There is a general file storage pattern of encoding meaningful information in filenames or directory names. Most recently we have encountered this when working with landsat data. These data are stored in tif files where each file represents one band. The number of the band is meaningful because it specifies the spectrum that is covered.


In [None]:
import intake
cat = intake.open_catalog('catalog.yml')
list(cat)

In this catalog 'l5' is setup as a schema on current master and 'l5_proposed' lays out a new way of defining a schema.

## Master

`l5` is an example using glob notation to iterate over files with similar names to get all the bands

In [None]:
xa = cat.l5.read_chunked()
xa

Note that the band coordinates is just a list of 1s. From the files we can see that what we actually want is [1, 2, 3, 4, 5, 7].

In [None]:
ls ~/.intake/cache/0088b75722009b0a583f65974c60bd87/

If glob order were guaranteed, then we could set coords like this:

In [None]:
import xarray as xr
xa.assign_coords(**{'band': xr.DataArray([1, 2, 3, 4, 5, 7], dims=['band'])})

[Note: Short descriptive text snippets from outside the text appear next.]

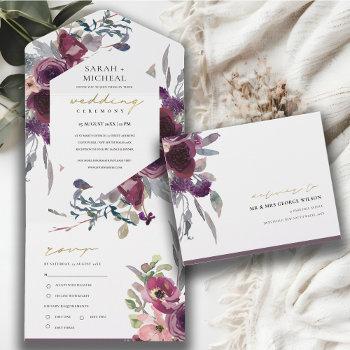 burgundy blush peach green watercolor floral all in one invitation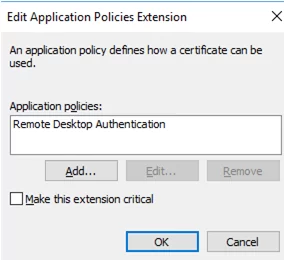create Remote Desktop Authentication certificate policy template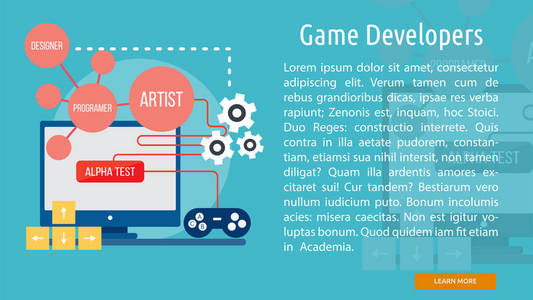 游戏开发商概念横幅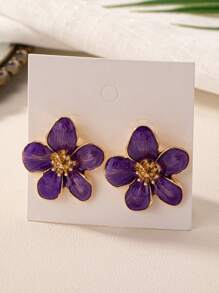 1 par de aretes de flor pequeña esmaltada para mujeres, adecuados para fiestas, exteriores y uso diario en San Valentín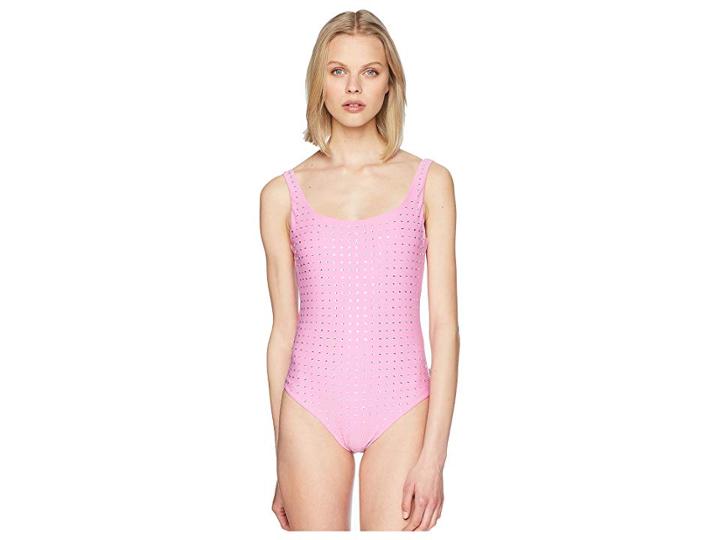 Moschino Rhinostones Swimsuit (pink) Women's Swimsuits One Piece
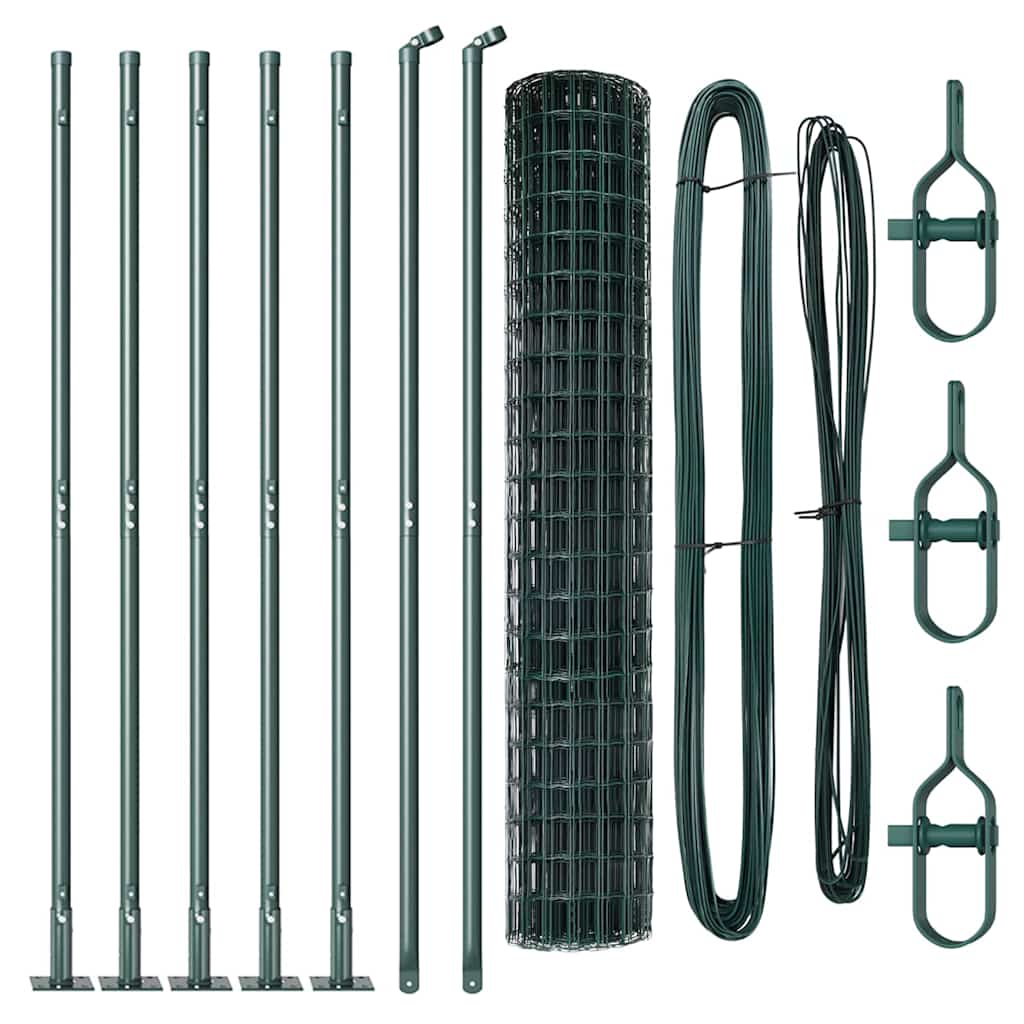 Recinzione Metallica Saldato Verde Acciaio PVC 10 x 1,5 m con Base in Cemento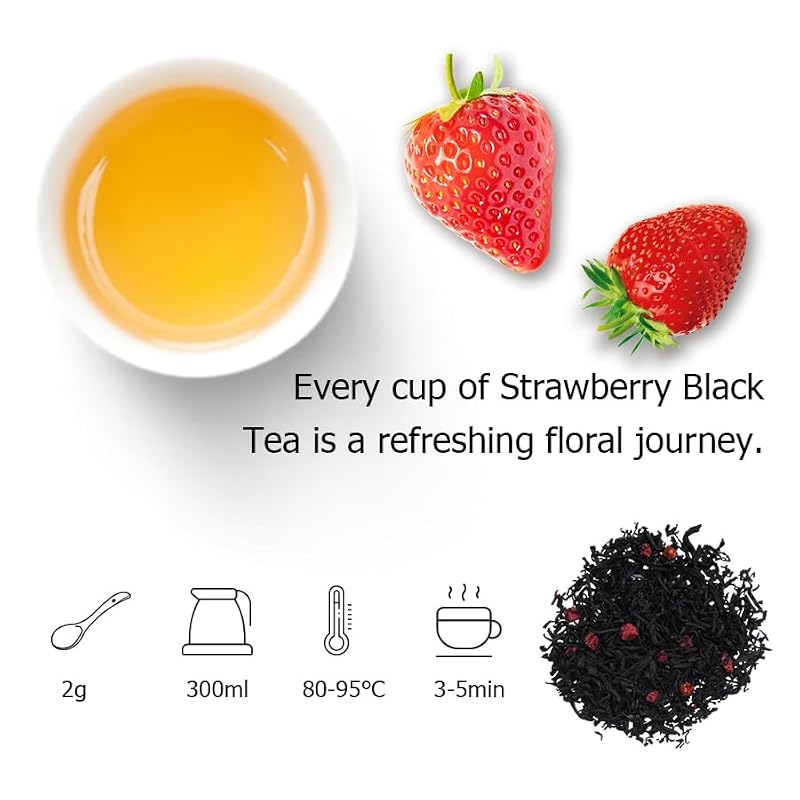 Natural Strawberry Black Tea - 100% Loose Leaf Blend, 50g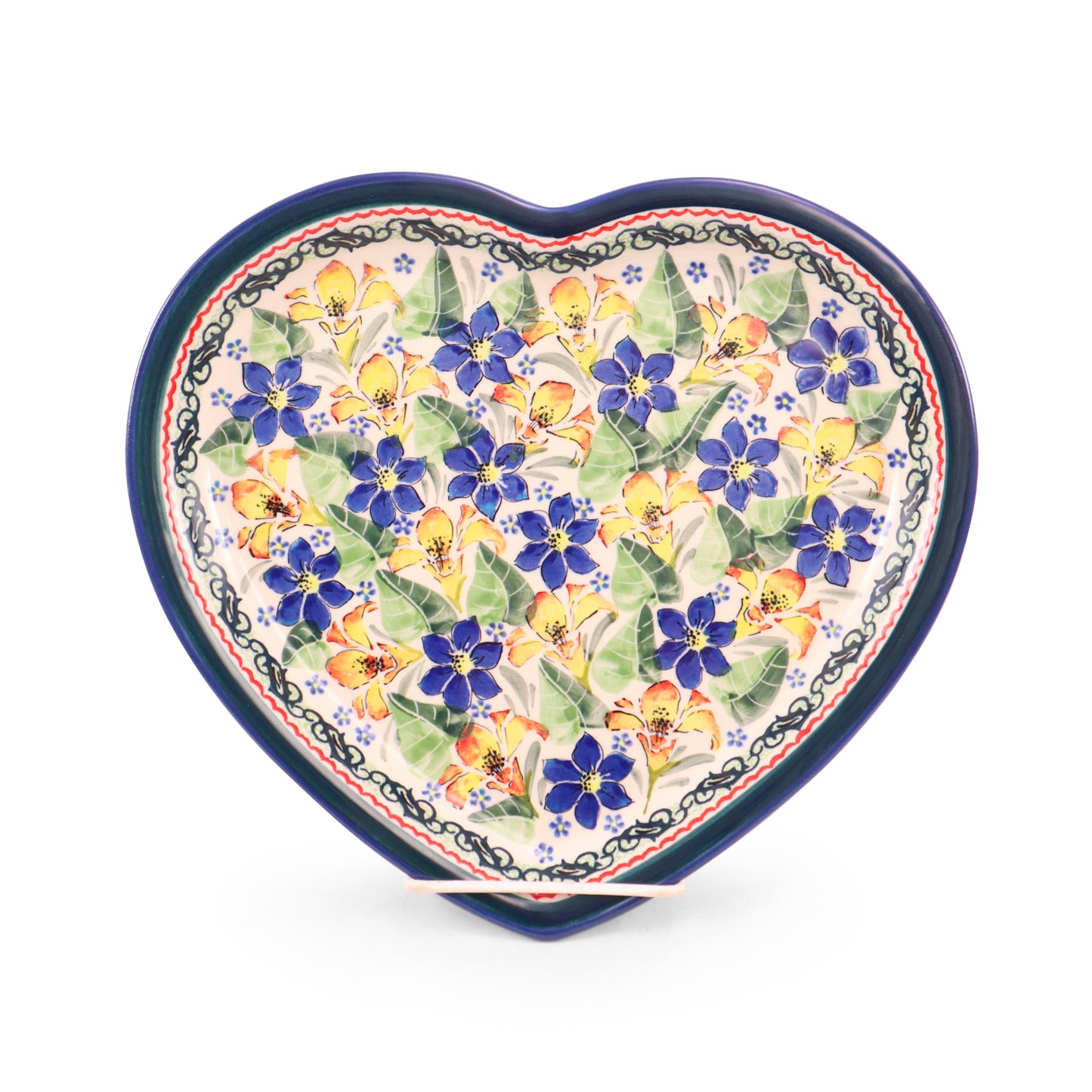 11"x10" Heart Plate. Pattern: Botanical Garden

But since the glob order isn't guaranteed we have no way of knowing that we are naming the bands correctly. In order to guarantee that we are actually setting the bands correclty, we'd have to write a separate catalog entry for each file.

## Proposal
In this implementation an arbitrary number of fields can be specified using python format notation. These fields get added to the xarray object as coordinates with the same dimension that we are concating on. Coordinates are just sets of labels along a particular dimension so there can be many coordinates along the same dimension. By making the file fields coordinates rather than attributes, we allow for each file to have a different value. 

In [None]:
l5_proposed = cat.l5_proposed
xa = l5_proposed.read_chunked()
xa

This means that we can select just one band using the `xarray.DataArray.sel` method. 

In [None]:
xa.sel(band=7)

### Impact on visualizations

If only filenames were available we wouldn't be able to declare the plot in the catalog, but since we do the parsing on load, we can use declarative plotting in the catalog 

In [None]:
import hvplot.intake
intake.output_notebook()

l5_proposed.plot.band_image()